Adams County Public Hospital District No. 1 (District) appeals from the Superior Court's reversal of the District Board of Commissioners' (Board) summary suspension of Dr. John Ritter's staff privileges at Ritzville Memorial Hospital (Hospital). Because the Board failed to follow its own rules in summarily dismissing Dr. Ritter, that act was improper. However, we hold that the review procedures followed after the summary action comported with due process and were otherwise sustainable. Therefore, the trial court erred in ordering Dr. Ritter's permanent reinstatement to the Hospital staff and the destruction of the hearing records.

The District is a state municipality which operates hospitals in Ritzville and Othello under authority of RCW 70.44. Its Board confers hospital "staff" or "courtesy staff" privileges upon selected physicians on an annual basis. Although no formal contract is entered, the Hospital maintains a "Medical Staff Appointment" sheet signed each year by a doctor's supervising medical and administrative personnel. Privileged physicians are entitled to admit patients and to perform medical procedures at district hospitals.

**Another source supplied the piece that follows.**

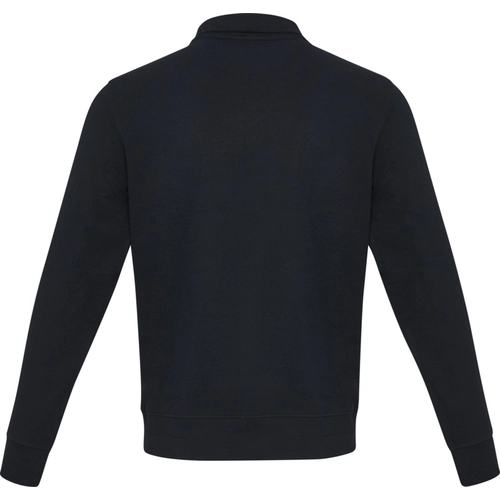 image du produit Sweater unisexe Aware™ recyclé à fermeture quart de zip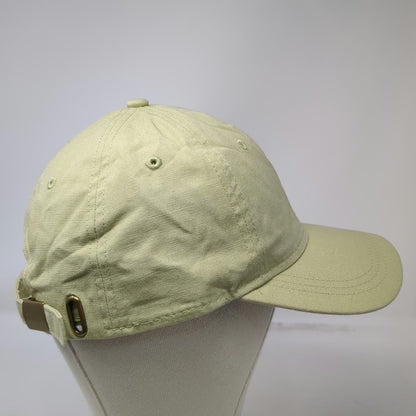 Universal Thread Goods Co. Baseball Cap Green OSFM Cotton Slideback Hat Plain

In 1970, Ritter moved to Ritzville from Seattle where he had practiced medicine for approximately 10 years. He was soon thereafter granted staff privileges at the Hospital, which were renewed in each of the next 7 years. During this period respondent enjoyed a good reputation with the public and a successful practice.

Friction began developing, however, between Ritter, the *506nursing staff, and the then Hospital Administrator. Complaints were submitted to the staff executive committee about Ritter's repeated performance of surgery without a qualified assistant in violation of Hospital rules. Nurses were also concerned with his prescription of the drug Pitocin in excess of the suggested, dosage. While committee members discussed these matters with Dr. Ritter, no formal action against him was taken.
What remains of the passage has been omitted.